Her husband, Peter Cammock, found her in Latimer Square and together they walked back to their Richmond home. She immediately realised her community had been destroyed.
''When we walked along River Rd it felt like something had died. This area had died. I felt huge relief to be home, but when I walked through the door it just felt dead. I can't explain it. It just felt dead and cold and empty,'' she said.
Their home, which has been in the family since the 1930s, was red-zoned in June last year, along with about 5000 houses along the Avon River.
''When I got out of the CTV building I thought all of Christchurch was flattened. I just thought there were going to be dead bodies everywhere. Is my husband alive? Is my daughter alive? It was really traumatic,'' she said.
''To lose the house on top of that. We have so many wonderful stories around that house; weddings and birthdays. There is a rich narrative around that house for us. It can't be replaced. You just have to let it go. There is a lot of grieving that goes into that.''
For Peter Cammock it was the end of the riverside neighbourhood where he grew up and a home that had been in his family for generations.

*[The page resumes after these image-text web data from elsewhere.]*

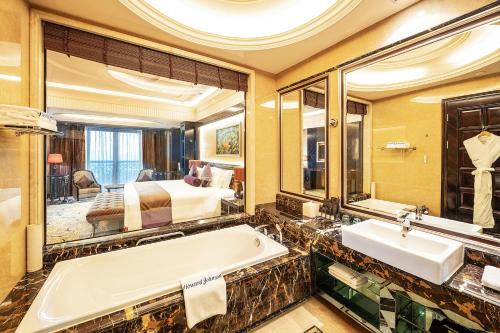 a bathroom with a tub and a bed in a room at Howard Johnson Agile Plaza Chengdu in Chengdu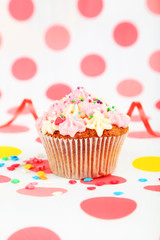 Birthday cupcake with butter cream and candle 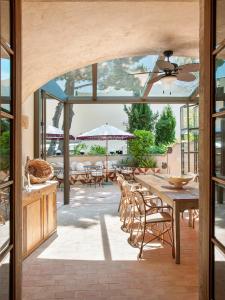 a dining room with a table and chairs and a patio at La Bionda Hotel - Adults Only in Begur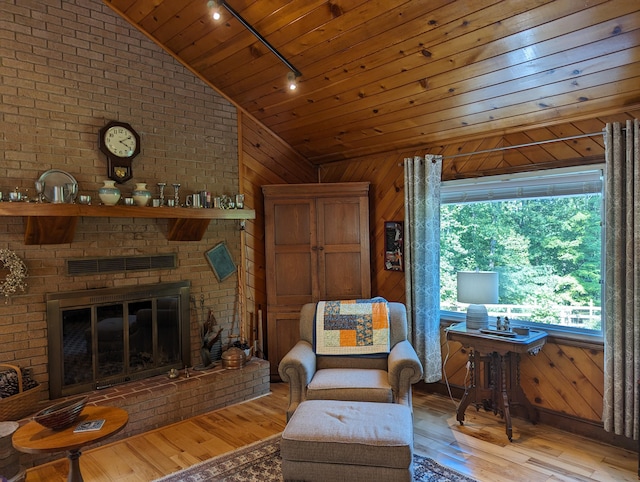 living area with visible vents, wood ceiling, vaulted ceiling, light wood-type flooring, and wood walls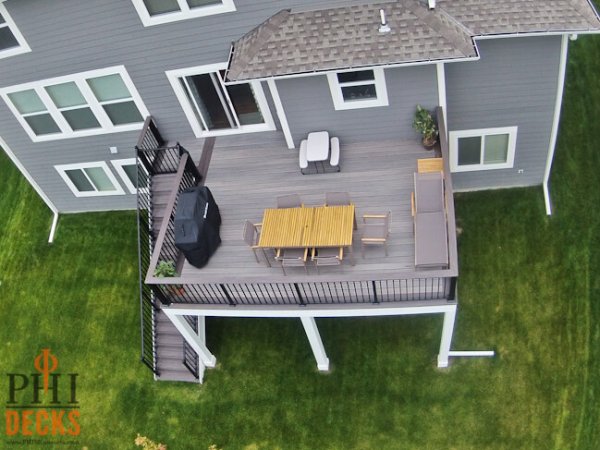 Low-maintenance-timbertech-decking-cocktail-railing-wrapped-posts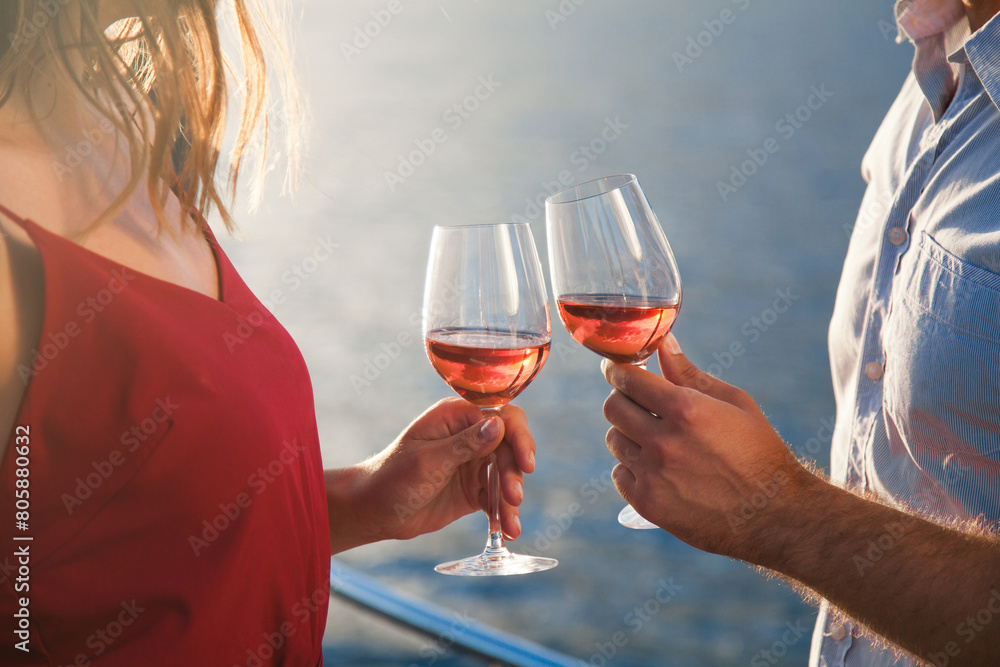 Drinking wine by sea. Two wineglasses in hands of couple in love at sunset beach. Man and woman traveling on yacht, enjoying summer vacation. Romantic celebration on open-air restaurant terrace Drinking wine by sea. Two wineglasses in hands of couple in love at sunset beach. Man and woman traveling on yacht, enjoying summer vacation. Romantic celebration on open-air restaurant terrace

The home was bought by his great-uncle in the late 1930s and has provided a home for four generations of his family.
His great grandparents lived there, his grandmother lived there, him and his two siblings were raised there and his parents lived and died there.
He returned to the house in 2008 with Liz Cammock and two of his four children to refurbish the place and retire in his old neighbourhood.
''I felt very settled. There was an incredible sense of community. It was like coming home. It was a real sense of homecoming. We would have retired here,'' he said.
The quake ended those dreams. It was the end of a suburb full of his childhood memories.
He remembers how his father's Austin 7 car was small enough to drive across the Medway footbridge. He remembers the vegetable gardens, orchards and glasshouses that were slowly replaced by new homes.
He remembers his excitement as a child when cars would lose control and end up in the river. He remembers the family marriages in the back garden.
But soon the homes that line both sides of River Rd in Richmond will all be gone.
''I grew up here with my great-grandparents, my grandmother, my parents and us. All those generations have been taken away. The whole place will be gone. These were the places where we played. This is a whole community that has gone,'' he said.